By Joyce Bai
As the field of social impact evolves, practitioners and scholars are building frameworks to evaluate and monitor social impact initiatives. While the natural and social sciences have established standards for assessment, the results of social impact projects and activities are often in service of larger initiatives, making them challenging to quantify and evaluate. The concepts detailed below can help guide the evaluation of these projects.
Standards of Evidence
A helpful framework for conceptualizing evaluation methods are standards of evidence, which categorize metrics of social impact into five levels.
- Level One
This level requires a theory of change: a methodology that tracks the ripple effects of social impact work. Though theories of change are necessary for projects, they are often insufficient to prove success.
- Level Two
This level requires a theory of change as well as data on or evidence of outputs (e.g. number of reports published, people served, skills gained). Though these metrics are quantifiable and show a measurable effect of initiatives, they cannot prove that the project is the primary cause of change.
- Level Three
This level requires evidence of a change in the status quo. This means there is a record of the circumstances before and after a project that demonstrates that the conditions have changed. Though this level of evidence is more robust, it still does not prove that the project is the reason for change.
- Level Four
This level requires proof that the project was the cause of a change in status quo. This is difficult to achieve because social impact projects do not occur in a vacuum, so it is challenging to create a controlled environment for an experiment.
- Level Five
In addition to a change in outcome and proof of causality, this level of evidence requires indication that the change is replicable.
Most social impact projects reach level two or three, but few reach level four or above since these require rigorous experiment design and a controllable environment. Even within levels two and three, success of social impact projects is difficult to gauge because of the distinctions between outputs, outcomes, and impact.
Outputs, Outcomes, and Impact
Measuring success depends on what metrics are used and whether they measure outputs, outcomes, or impact.
Outputs are the direct, immediate products of an activity.
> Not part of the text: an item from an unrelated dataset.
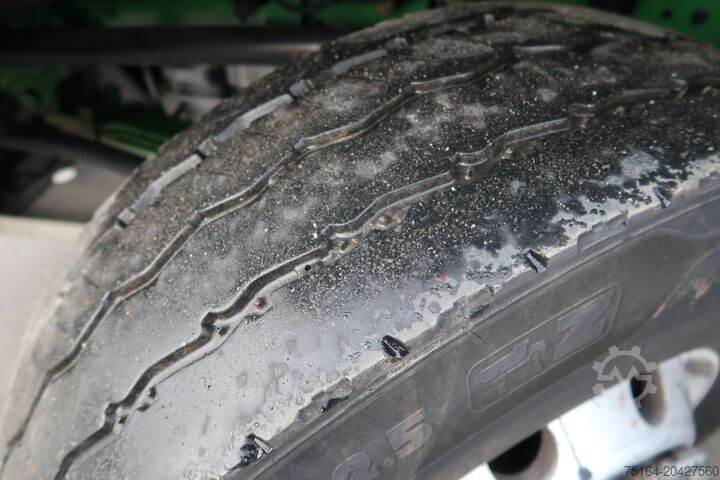 Kamion sa bakšišom MAN TGS 35.440 8x2 BL Nachlauflenkachse Ther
For example, in a project focused on tech-enabled public benefit delivery systems, an output could be a written report. A metric of that output might be the number of reports published.
Outcomes indicate a higher level of success where the project creates a change in the status quo. For example, if a state administrator reads the project’s report and decides to redesign a benefit application, that new initiative is an outcome of the project’s work. This level of success is difficult to evaluate and prove. In this example, the project would have to follow up with every person who reads the report to find out if they implemented its recommendations.
However, even if the project’s work does not immediately result in change, it may cause a positive ripple effect. In this example, a state administrator who reads the report might share it with their network and gain insights that impact future decision-making. While it is not enough to gauge a project’s merits on the hypothetical, many social impact projects focused on local governments require cultural changes and increased awareness and trust of innovative initiatives, so activities that promote such an environment are important.
The highest level of success is impact—which is clear, measurable evidence that a significant number of lives have improved. In our example of the tech-enabled benefits report, impact would be the increase in the number of people who received a certain benefit after a new application launched.
As the Beeck Center has learned from our engagements with state, local, teritorial, tribal, (SLTT) and federal governments, many puzzle pieces need to be in place for success: the investment of a high-level decision maker, technical expertise, user engagement, and dedicated staff and resources, among many other factors. Knowledge sharing and documenting examples of this work will help create the enabling environment for projects to succeed. While the end-goal of our work is impact, we can often only measure the outcomes of our work. Crucially, this work towards achieving outcomes is no less valuable. Capacity, culture, knowledge, and investment within governments and their partners are necessary to improve people’s lives. The Beeck Center’s projects contribute to this infrastructure.
While social impact evaluation is complex and layered, we are leaning into this challenge guided by the frameworks above. We are working to improve our monitoring and evaluation strategies by identifying what impact looks like and tracing our work through our theory of change. As the field of social impact evaluation advances, we will continue to assess and strengthen our measurement techniques and impact.
Joyce Bai (’24) was a student analyst with the Beeck Center for Social Impact + Innovation during summer 2022.